Page MenuHomePhabricator

Review Wikidata Shape Expressions Inference tool regarding Toolforge Rule 6
Closed, ResolvedPublic

Description

As part of my master’s thesis, I am working on a tool that will let authenticated users automatically infer Shape Expressions from a set of exemplary Wikidata items. For example: given a list of 50 items about humans, it may infer that humans have a human father and mother and optionally siblings, have a place of birth and perhaps of death as well, that a place of birth or death is usually located within an administrative territorial entity and associated with a country, and so on.

I run this automatic inference process on the Grid Engine, and it’s fairly expensive – it requires 8 GB of memory, and can take between 15 and 60 minutes of wall-clock time. Therefore, I want to make sure that I’m not violating Toolforge Rule 6Do not provide direct access to Cloud Services resources to unauthenticated users – before lifting the current restriction that only I can submit jobs (i. e., create a new inference process).

I don’t expect this tool to see too much use – Shape Expressions are still a fairly niche topic in the Wikidata community. The tool is currently restricted to running only one job at a time for technical reasons, but even when those technical restrictions are limited, I don’t intend to allow running more than, say, 5 jobs at a time (though this limit could also be lowered further if you prefer, according to the resources in the Grid Engine).

The tool only allows authenticated users (via OAuth) with a verified email address and who are not blocked on Wikidata to submit jobs, and each job is attributed to the user who started it. It also has a “kill switch” which anyone may activate: if any file other than README exists in the directory /data/scratch/wd-shex-infer/, the tool rejects the creation of new jobs. Anyone can therefore disable the tool if necessary with commands like the following:

touch /data/scratch/wd-shex-infer/T123456
cat > /data/scratch/wd-shex-infer/T123456 << 'EOF'
We are experiencing high NFS error rates at the moment, see T123456.
EOF

The directory is world-writable with the sticky bit set, so that anyone can activate this block, but only tool maintainers (own the directory) or the person who activated a block (owns the file) can disable it again.

The base URL for the tool is https://tools.wmflabs.org/wd-shex-infer/, though I haven’t written a proper index page yet. The page to submit a new job is /job/new (currently accessible only to me, but let me know if you want access before I remove that check entirely), and some examples of existing jobs are /job/1 and /job/5. The source code is available on Phabricator.


Is it okay if I release this tool and make it available to all users, and start advertising it at Wikidata:WikiProject ShEx? Do you have any questions for me? Would you like to see additional access control mechanisms or resource restrictions?

Event Timeline

This does sound like a resource intensive tool, but I don't think it violates the "direct access" rule. This is more intended to prevent people from making tools similar to Quarry and PAWS which allow arbitrary users to access the wiki replicas and other computing resources with very few restrictions.
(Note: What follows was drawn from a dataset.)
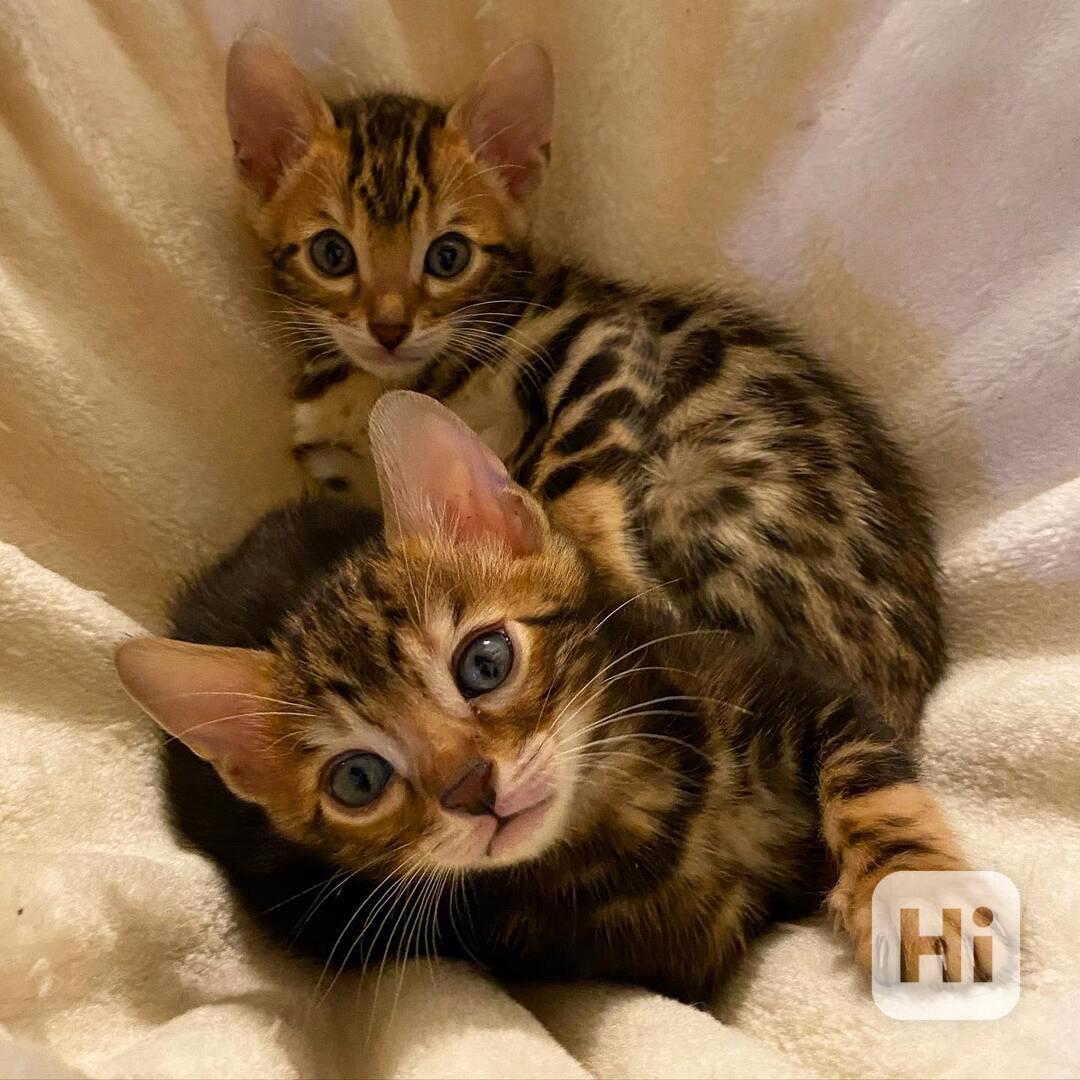 2 bengálská koťátka - foto 1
I do have a small amount of concern that running too many parallel jobs which take 8G of RAM and have long runtimes could cause contention on the job grid. It would be nice if you started out with only allowing one or two concurrent jobs. This sounds like the kind of project where the important part is that the data is computed rather than that the data is computed very quickly. If the jobs can be spread out more evenly across time this will give other grid engine users a fair chance at also running their jobs.

Thanks for your response!

It would be nice if you started out with only allowing one or two concurrent jobs.
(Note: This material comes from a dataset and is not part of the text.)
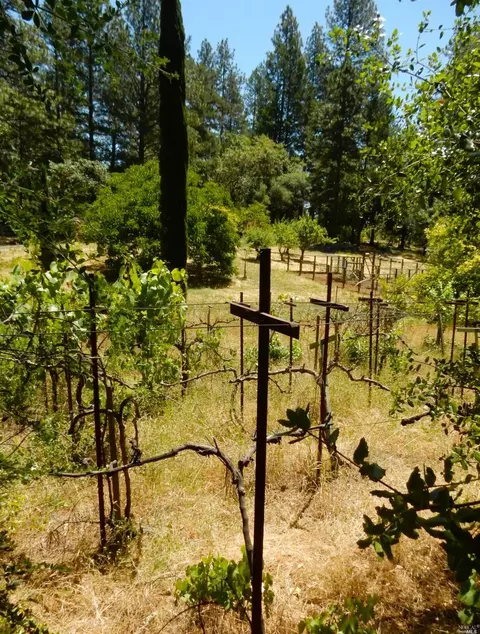 516 Viewridge Rd, Angwin, CA 94508 photo 44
Okay, I’ll keep that in mind.

This sounds like the kind of project where the important part is that the data is computed rather than that the data is computed very quickly. If the jobs can be spread out more evenly across time this will give other grid engine users a fair chance at also running their jobs.

Yes, that’s a good characterization. I’ve just noticed that qsub has a -p priority option, I’ll use that to set the jobs to a lower priority. I could also implement an in-tool job queue, I guess, but I’ll see how many users the tool gets (i. e., how often the hard limit of “you can’t submit another job now” is even reached) before I start working on that. For now, as I said, it’s limited to one job at a time anyways for other reasons.

FYI, since it seems there are no open issues with the tool, I’m going to announce it to the community today. Let me know if there are any problems or other questions.

LucasWerkmeister claimed this task.

I recently fixed the technical limitation that prevented concurrent jobs, so now the tool is limited artificially to no more than two concurrent jobs, as requested. (It’s also not being used very much right now anyways.)

I think we can close this task now. Thanks again for your feedback!